Морской волк поймал меня где-то на лестничном пролете и скомандовал быть как штык на следующий день на врачебной комиссии. Без вариантов.
Грудь тянуло, голова гудела, но слезы уже не текли – они застыли где-то внутри.
Глава седьмая, в которой слишком мало воздуха
Комиссию назначили на полдень. И чем меньше времени оставалось до полудня, тем беспокойнее становилось у меня на душе.
Я не боялась: ничего страшного сказать мне не могли. Я уже сдала онкомаркеры, они были в норме. Наконец-то я получила заключение по тем самым клеткам кожи, что так больно взяла из ранки маммолог – и там чисто.
Подруги в один голос рассказывали: такое случалось практически с каждой. Устрашающие подозрения всегда оказывались беспочвенными. Да я и сама понимала, насколько нелепы могут быть подобные предположения. Моя мама, многочисленные тетушки, сестры – были здоровы. Обе бабушки уже умерли, но причина их смерти значительно отличалась от рака – инфаркт, инсульт.
И всё же… какая-то посторонняя мысль, еще толком не сформулированная, сырая и невнятная, дергала меня. «Что это может быть? Что за болезнь, которая не лечится антибиотиками, не реагирует на примочки, которые мне прописали, и так быстро распространяется?».
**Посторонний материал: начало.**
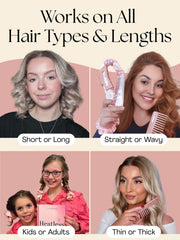 Pinza para cabello Lily England facilita fijación nocturna.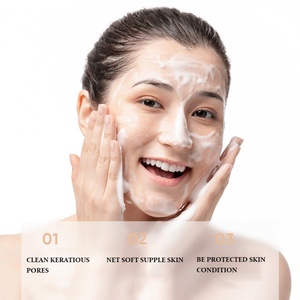 Nettoyant visage personnalisé avec logo d'usine, mousse nettoyante dense aux acides aminés pour le soin de la peau - Product Image 5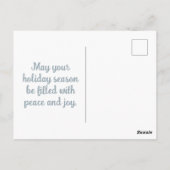Schattige Kerstmuizen en Boom Briefkaart (Achterkant)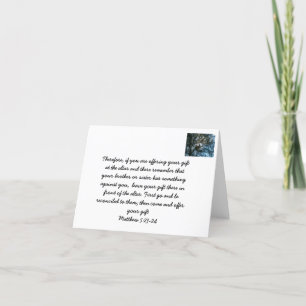 Note Card für Konfliktlösungen Karte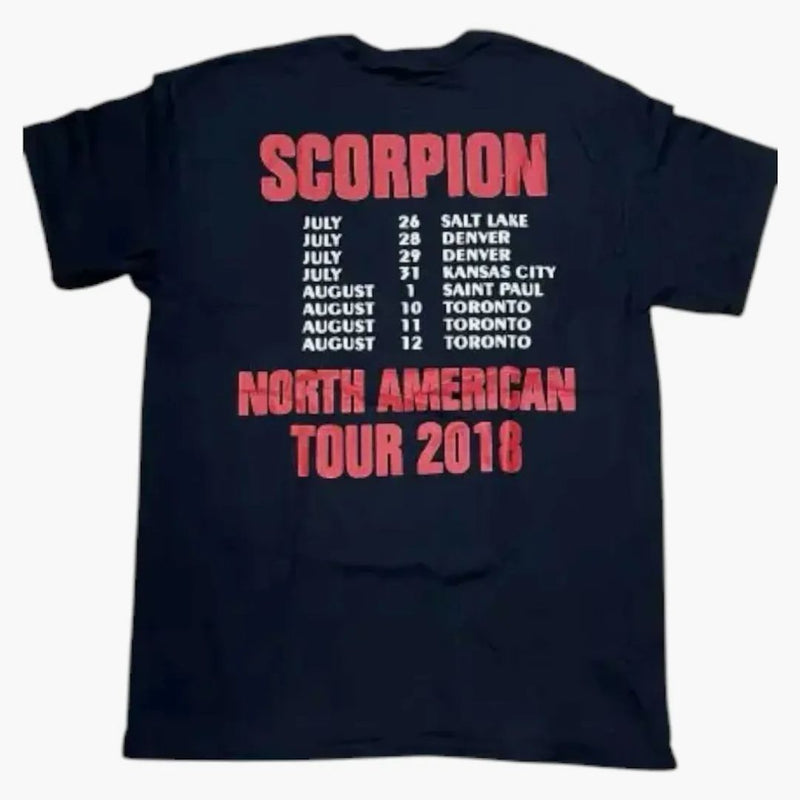 Drake Scorpion Tour North America T-Shirt Black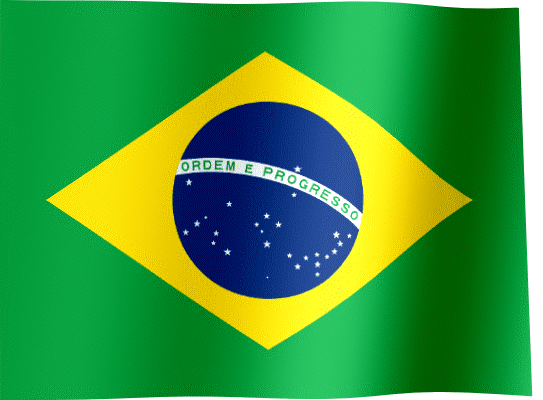 Waving Flag of Brazil (Animated Gif)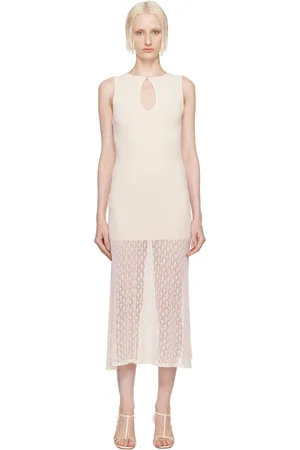 Bec & Bridge Off-White Aurora Keyhole Maxi Dress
Беспомощность лекарств, которую я наблюдала уже третий месяц, была мне неприятна. Я не могла ничего проанализировать, не знала, как взаимодействовать, и это новое для меня ощущение отсутствия контроля над своим телом нервировало.
Обычно решительная и собранная, я чуть дрогнувшим от напряжения голосом попросила мужа: «Миш, поехали вместе. Что-то мне в этом диспансере не по себе, неприятно. Сходи со мной на комиссию».
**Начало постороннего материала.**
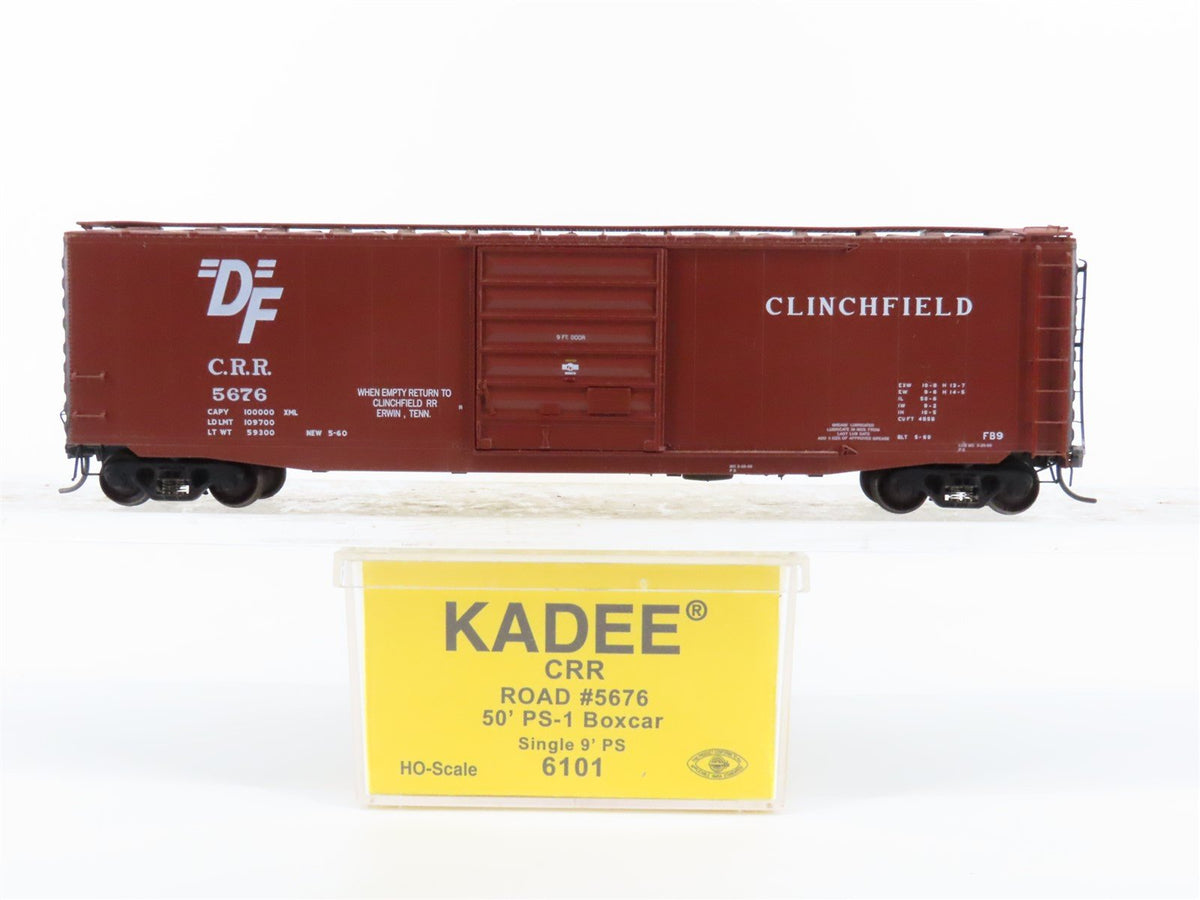 HO Scale Kadee 6101 CRR Clinchfield Railroad 50&#39; Single Door Box Car #5676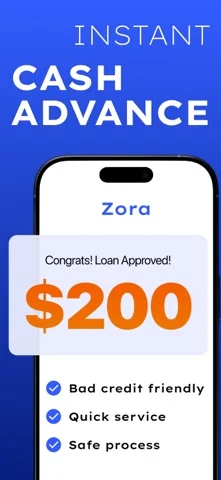 Instant Cash Advance - Zora — Submit a cash-advance request at any time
Миша, как и большинство сильных и уверенных в себе мужчин, больниц не любил и ехать туда боялся. Едва переступая их порог, он менялся, в глазах появлялись какая-то запуганность и бессилие. Рационального смысла брать такого помощника с собой не было, но я почему-то успокоилась, когда он согласился.
Приехали – и тут же попали в вязкую, крикливую, нервную очередь. Люди заходили в кабинет, чтобы выйти или с надеждой, обнадеживающими результатами, или с отчаянием, когда по лицам врачей читаешь гораздо больше, чем в своем сухо написанном, непонятном диагнозе.